Have you noticed how the word apology has become a virtual mantra of society lately? Saying sorry — or being urged to do so — is turning into an epidemic. It seems there’s a mea culpa on everybody’s lips these days. It’s royals mumbling half apologies for the atrocity of colonial slavery. It’s people turning to social media to express heartfelt regret for some unconscious bias in their past. There’s definitely a surging sense of guilt in the zeitgeist.
And then there’s the non-apology apology. Boris Johnson, with all his wavering regrets over partygate, not quite apologising for endangering Nazanin Zaghari Ratcliffe by telling the Commons she was in Iran teaching journalism (equivalent in Iranian political psychology to espionage).

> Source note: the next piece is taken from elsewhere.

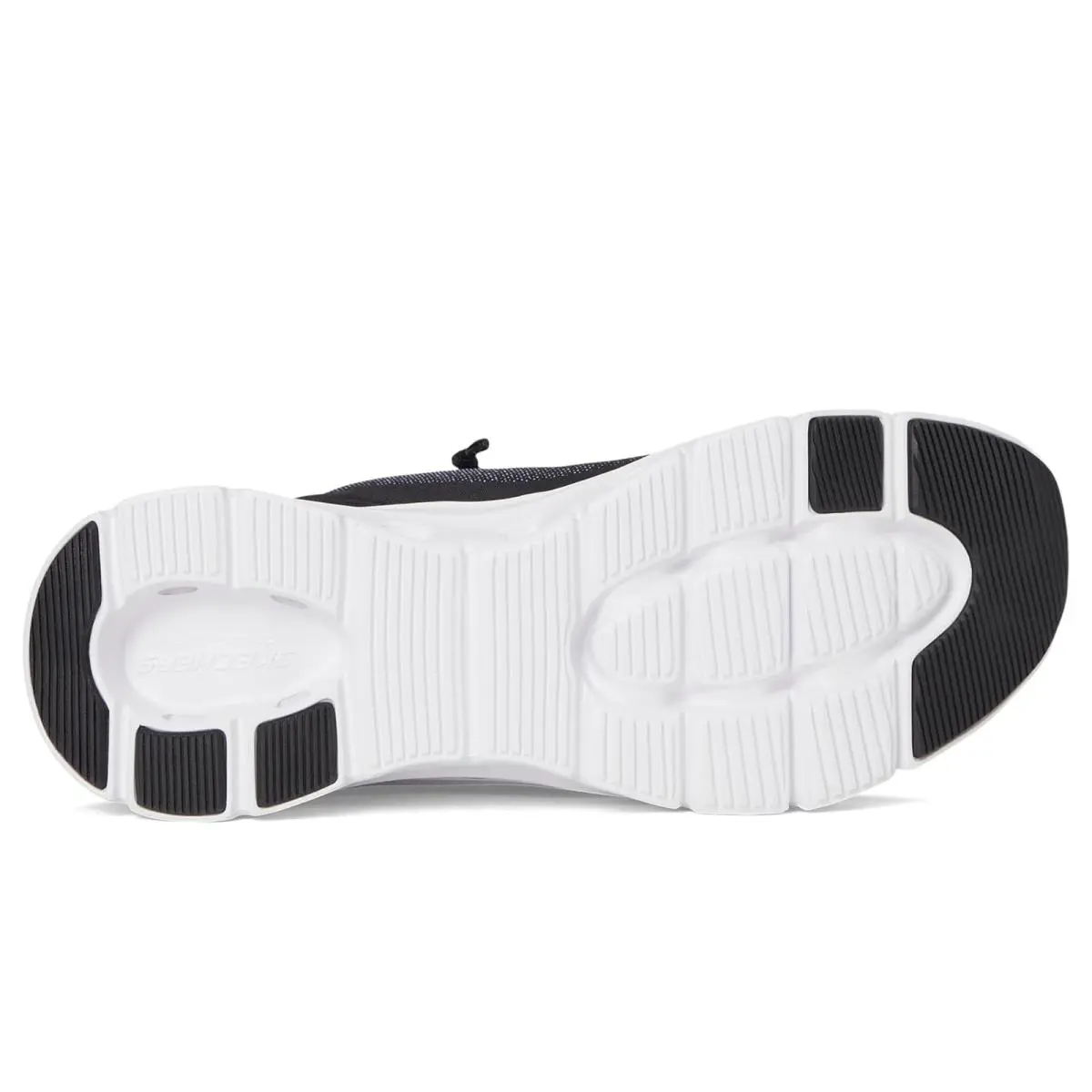 Skechers shoes - Black 1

I have been reflecting on the latest apology: this one from the Church of England for prohibitive anti-Jewish laws passed some 800 years ago which, in 1290, led to their expulsion by Edward I. These antisemitic laws forbade mixing of Jews and Christians, forced them to wear identifying badges, imposed church tithes on them, banned them from some professions and forbade them from building new synagogues or from passing on their inheritance to their children.

Some 3,000 Jews were expelled. It was only 360 years later, in 1656, that Oliver Cromwell re-admitted us. Less, perhaps, from philo-semitism than the demands of the fiscal purse, although, at a time of greater religious tolerance, he did allow Jews to practise their religion, largely influenced by Rabbi Menasseh ben Israel of Amsterdam.

Last month, the Church of England met Jews to say sorry at a special service in Oxford’s Christ Church Cathedral to mark the 800th anniversary of the Synod of Oxford. The event was attended by Chief Rabbi Ephraim Mirvis (albeit outside the cathedral) and a host of ecclesiastical luminaries. Christians were urged to “reject contemporary forms of anti-Judaism and antisemitism”.